The National Center for Advancing Translational Sciences (NCATS) will give Recursion Pharmaceuticals of Salt Lake City the grant over two years. NCATS is part of the National Institutes of Health.

The news came as advocates worldwide prepared to observe Rare Disease Day on Saturday as part of a campaign to raise awareness of the need for cures. Utah families attended a symposium on the subject at the U.

Chris Gibson, who finished his doctorate but left medical school to launch Recursion in late 2013, said the grant will help the company expand its work, which is essentially finding ways to repurpose drugs.

Rare diseases affect nearly one in 10 Americans, and there are thousands of them. Yet identifying treatments for each disease using traditional approaches doesn't pencil out for most pharmaceutical companies, which want to discover blockbuster drugs for common diseases.

Those companies have drugs that proved safe for humans, but were not effective for their initial target diseases and so never made it through clinical trials — which is where Recursion comes in, Gibson says.

"There are all these drugs sitting in freezers, and it seems likely to us that some of them could be useful," he said.

Recursion's approach is to put diseased human cells and a drug in a dish, take incredibly good pictures with a microscope camera and analyze the results with sophisticated computational software. If the cells show signs of healing, the drug might just be a cure.

The company can do this match work for thousands of diseases and thousands of known or experimental drugs.

"What we're trying to do is have a little piece of 100 drugs in 10 years, instead of a big piece of one," Gibson said.

So far, Recursion (the U. lab it came out of) has identified two possible therapies for cerebral cavernous malformation (CCM), a rare hereditary vascular disease that leads to hemorrhagic strokes.

One of the promising treatments is an over-the-counter vitamin D supplement. A study showing that the compounds successfully reduced lesions by 50 percent in a mouse model of human CCM disease was published in December in the American Heart Association's journal, Circulation.

A CCM specialist at the Mayo Clinic is testing vitamin D in humans to see if the promise pans out, the U. said in a news release. Recursion is negotiating with the maker of the second drug to co-develop or out-license it.

Those discoveries first began in the lab of Dean Li, vice dean of research for U. Health Sciences and a co-founder of Recursion.

"This is a drug discovery thing, but it's in some sense an IT play," Li says.

Blake Borgeson, the third co-founder and chief technology officer for Recursion, says the company is all about scale, efficiency and "turning drug discovery into a data-science problem," according to a recent company news release.

Gibson, who has a degree in bioengineering from Rice University, was in the U. medical school and working on a doctorate when he realized his approach was different from other researchers in Li's lab, which he had joined in 2009.

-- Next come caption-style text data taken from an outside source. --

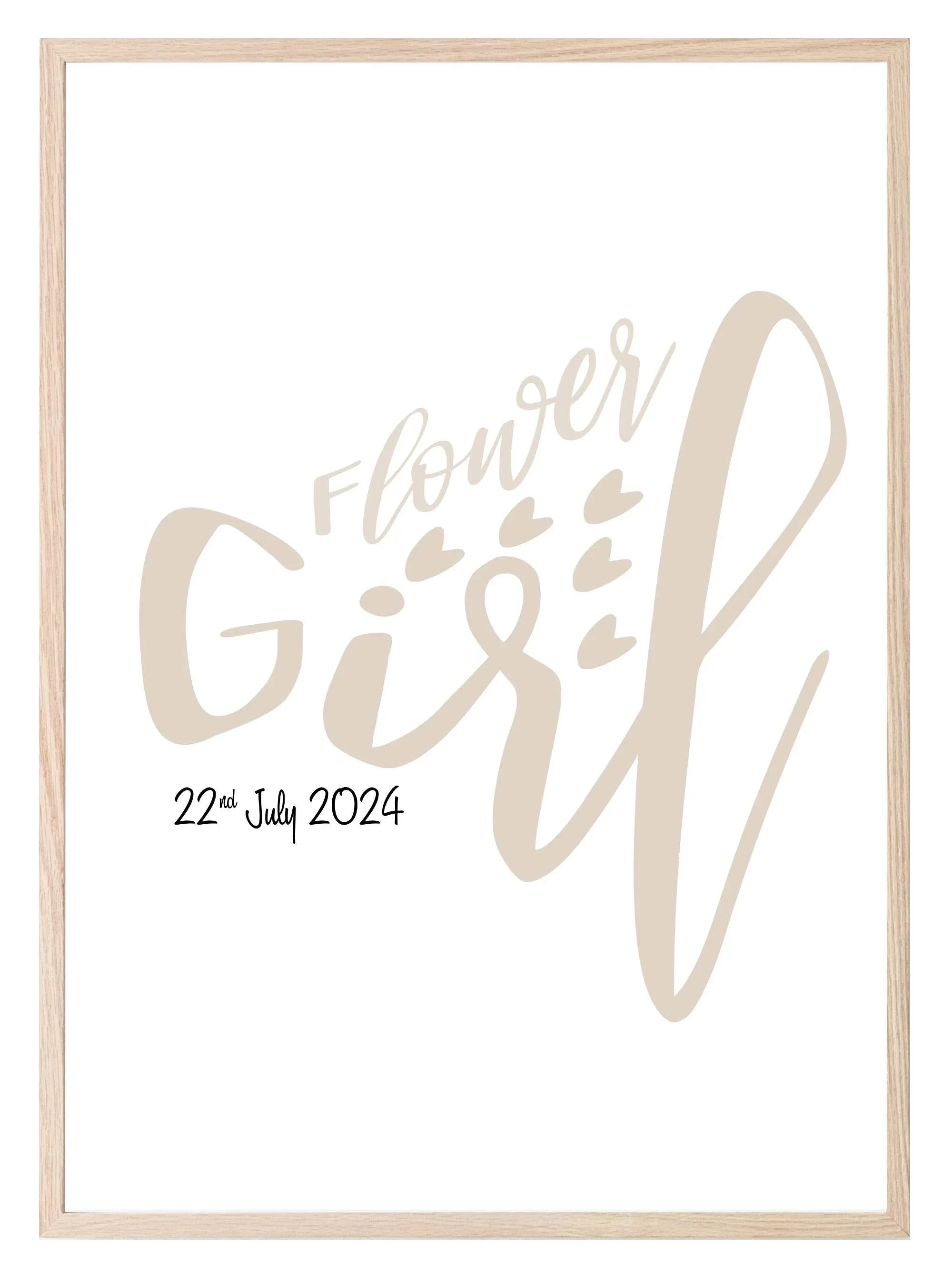 Personalised Date Flower Girl Print | Wedding Wall Art - Larosier Prints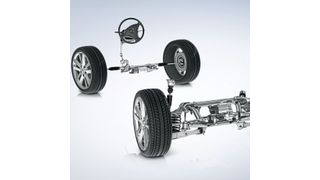 Die Kombination aus elektrischer Servolenkung an der Vorderachse und aktiver Hinterachskinematik erhöht die Fahrsicherheit des Pkw. (ZF Friedrichshafen)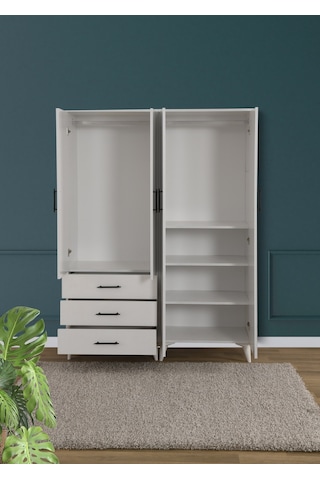 Azra'dan 4 Kapaklı Gardrop Beyaz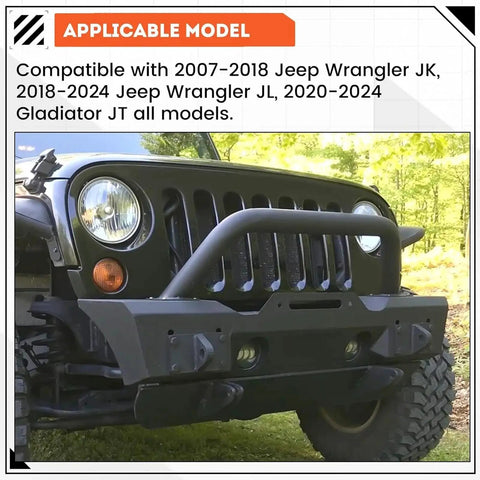 Front view of Stubby Front Bumper For Jeep Wrangler JK JL Gladiator JT With Fog Light Housing installed on a Jeep vehicle.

Most wanted to understand everything about why a cell and a drug would interact as they do, but Gibson saw the potential for new imaging and software technological advances to match drugs with disease.

"The idea was not to understand why but to find the drug that would fix it," he says.

He enlisted Li in the startup and recruited Borgeson, an old friend from undergraduate days who was working on a doctorate in bioinformatics at the University of Texas. Borgeson had already started several companies.

Gibson is the chief executive of the growing company, and Li spends as much time as his university schedule allows. The U. has a small — undisclosed — equity stake in the company, so if Recursion does well, the university will make money.

Gibson says he has no regrets about quitting medical school; he can always go back if Recursion fails.

"We have a 1 percent chance of having an impact on maybe 1 million people, and it seemed like it was worth taking the risk," he says.